*Work required*
Pictures aside, reproduce exactly each line from the one holding "Podcast Uisce Matters" through the last line of the material, both ends included.

*Data segment*
>>>>

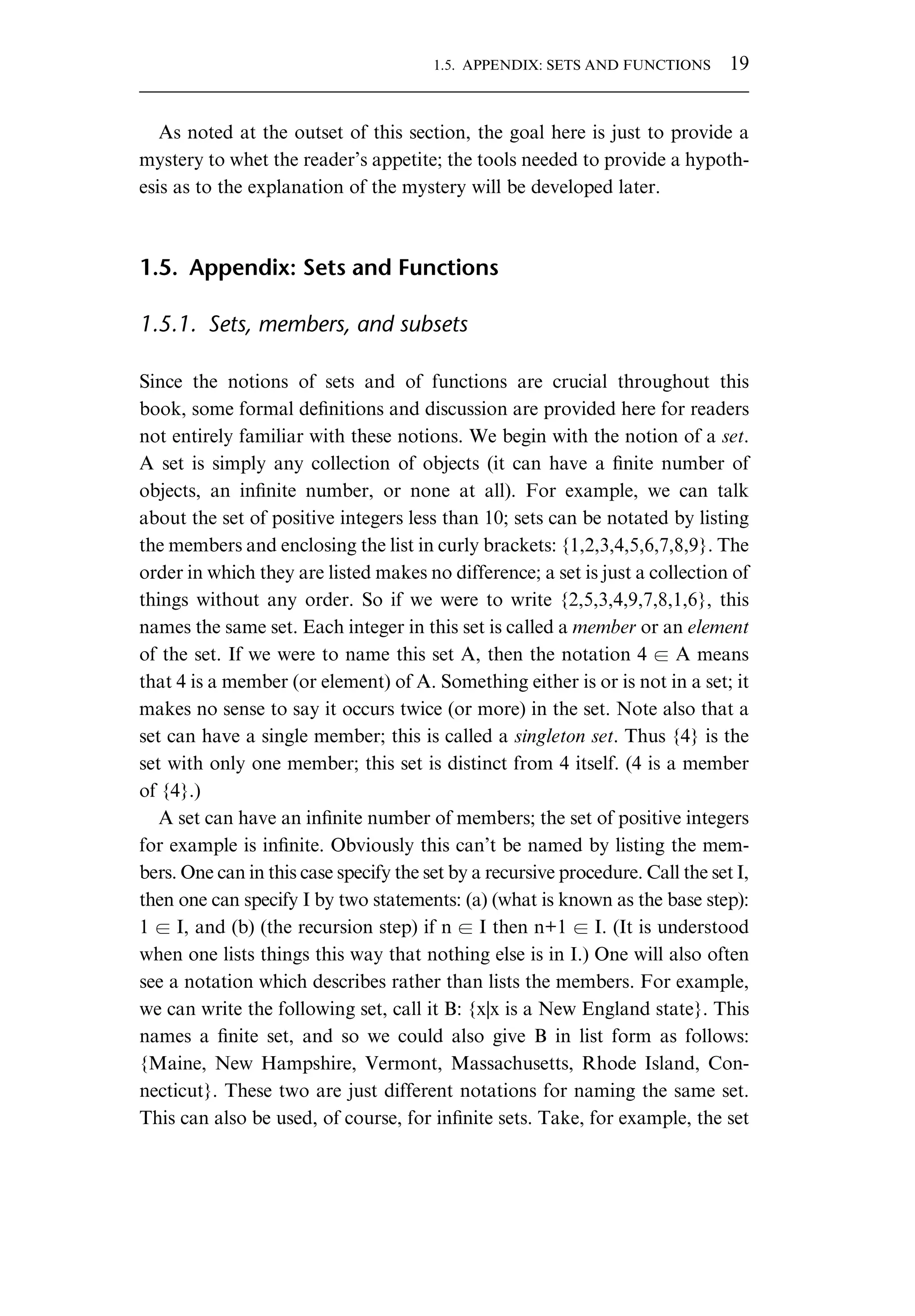 As noted at the outset of this section, the goal here is just to provide a mystery to whet the reader’s appetite; the tools needed to provide a hypoth- esis as to the explanation of the mystery will be developed later. 1.5. Appendix: Sets and Functions 1.5.1. Sets, members, and subsets Since the notions of sets and of functions are crucial throughout this book, some formal deﬁnitions and discussion are provided here for readers not entirely familiar with these notions. We begin with the notion of a set. A set is simply any collection of objects (it can have a ﬁnite number of objects, an inﬁnite number, or none at all). For example, we can talk about the set of positive integers less than 10; sets can be notated by listing the members and enclosing the list in curly brackets: {1,2,3,4,5,6,7,8,9}. The order in which they are listed makes no difference; a set is just a collection of things without any order. So if we were to write {2,5,3,4,9,7,8,1,6}, this names the same set. Each integer in this set is called a member or an element of the set. If we were to name this set A, then the notation 4 ∈ A means that 4 is a member (or element) of A. Something either is or is not in a set; it makes no sense to say it occurs twice (or more) in the set. Note also that a set can have a single member; this is called a singleton set. Thus {4} is the set with only one member; this set is distinct from 4 itself. (4 is a member of {4}.) A set can have an inﬁnite number of members; the set of positive integers for example is inﬁnite. Obviously this can’t be named by listing the mem- bers. One can in this case specify the set by a recursive procedure. Call the set I, then one can specify I by two statements: (a) (what is known as the base step): 1 ∈ I, and (b) (the recursion step) if n ∈ I then n+1 ∈ I. (It is understood when one lists things this way that nothing else is in I.) One will also often see a notation which describes rather than lists the members. For example, we can write the following set, call it B: {x|x is a New England state}. This names a ﬁnite set, and so we could also give B in list form as follows: {Maine, New Hampshire, Vermont, Massachusetts, Rhode Island, Con- necticut}. These two are just different notations for naming the same set. This can also be used, of course, for inﬁnite sets. Take, for example, the set 1.5. APPENDIX: SETS AND FUNCTIONS 19 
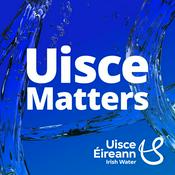 Podcast Uisce Matters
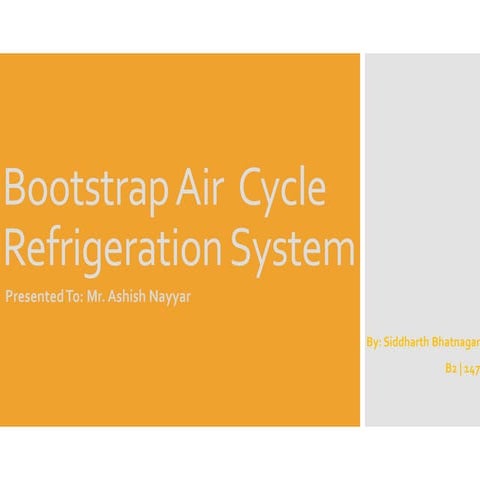 Bootstrap Air Refrigeration Cycle Presentation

<<<<

*Reply*
 Podcast Uisce Matters
 Bootstrap Air Refrigeration Cycle Presentation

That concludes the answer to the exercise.